There are some fantastic pictures on Facebook of your studio being built last year. Is it actually finished?
"Almost. The three production rooms and the management offices are all completed, but we just need to get a bit of furniture in there and tidy up the outside a bit. I guess I've become aware that a studio is about more than just the equipment. The surroundings and decoration and all those small things make a big difference to how you're feeling. The atmosphere affects your mood, and that can affect the music.
"Hey, I'm not complaining here. It's an amazing studio and an amazing place to call our headquarters."
There are three separate studios in there. Is that one for each member of the band?
"That's exactly what we wanted. In the past, I handled most of the producing while Martijn and Thijs were out playing live. And when they came back home, I was still hogging the computer."
Can you take us through your studio?
"It's actually fairly simple. A PC running the latest version of Cubase, with a selection of decent plugins. I've got a Roland SH-201 for some analogue synth sounds and a Korg SV-1 for some nice strings. I've been using Adam monitors for years, but I've just switched over to ATC SCM110s."
You've been using Cubase for years too, haven't you?
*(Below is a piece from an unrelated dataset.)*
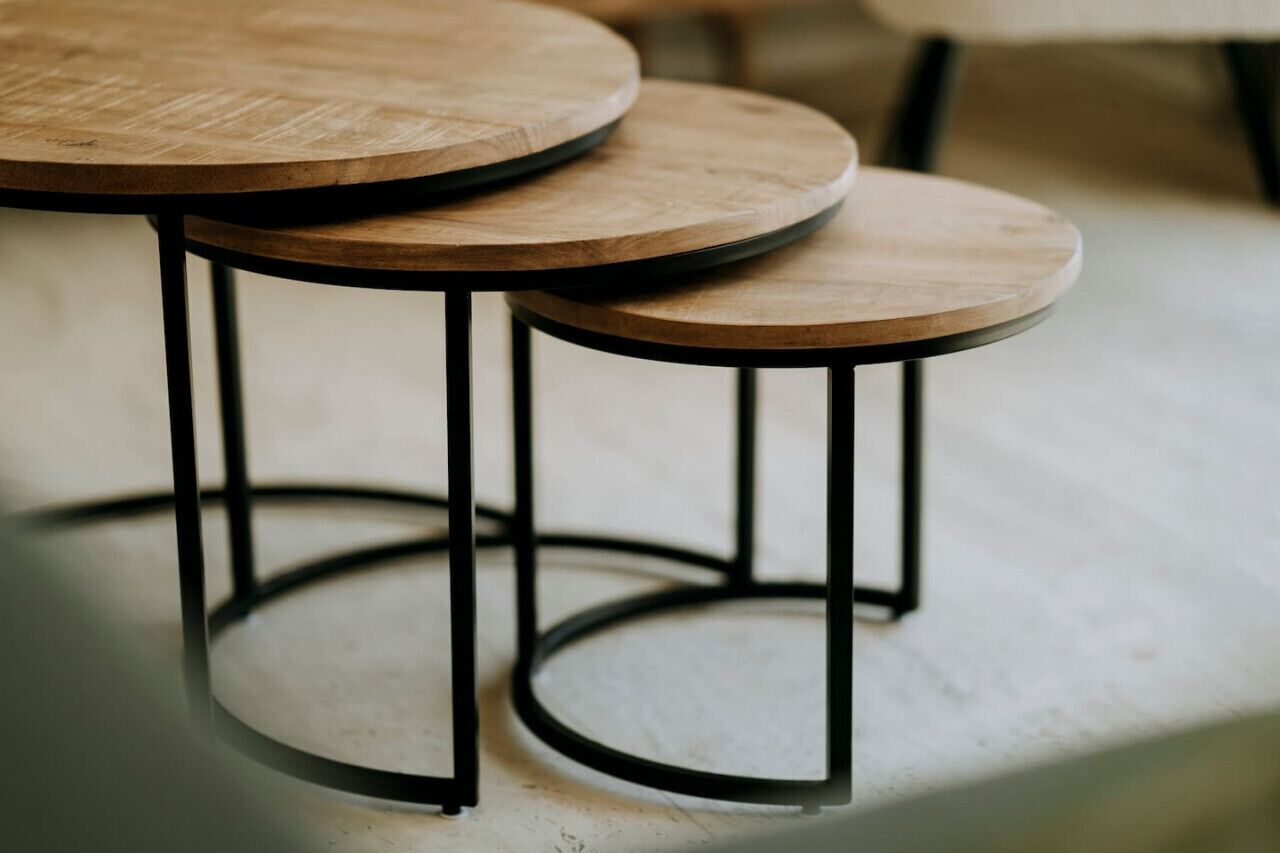 Three round wooden tables with black metal legs.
"Yeah, right back to when it first appeared on PC. I actually started on Fruity Loops and Acid when I was about 14. My dad was a teacher at art school and one of the students gave him a CD-R of some music software. On this CD, there was FruityLoops, Acid and an early version of ReBirth. They were all quite visual, so I actually found it relatively easy to start making my own songs on them. It was certainly a lot easier than using tracker software.
"When I say 'songs', what I actually mean is that me and Thijs were goofing around in my bedroom. We had no ambition to be producers or anything like that. We were literally just seeing what all the buttons did. It was only when we got to about 16 that we started to take things a bit more seriously. That was when we discovered drum 'n' bass. We just thought, 'Wow! This is really cool music. We want to make songs that sound like that.'"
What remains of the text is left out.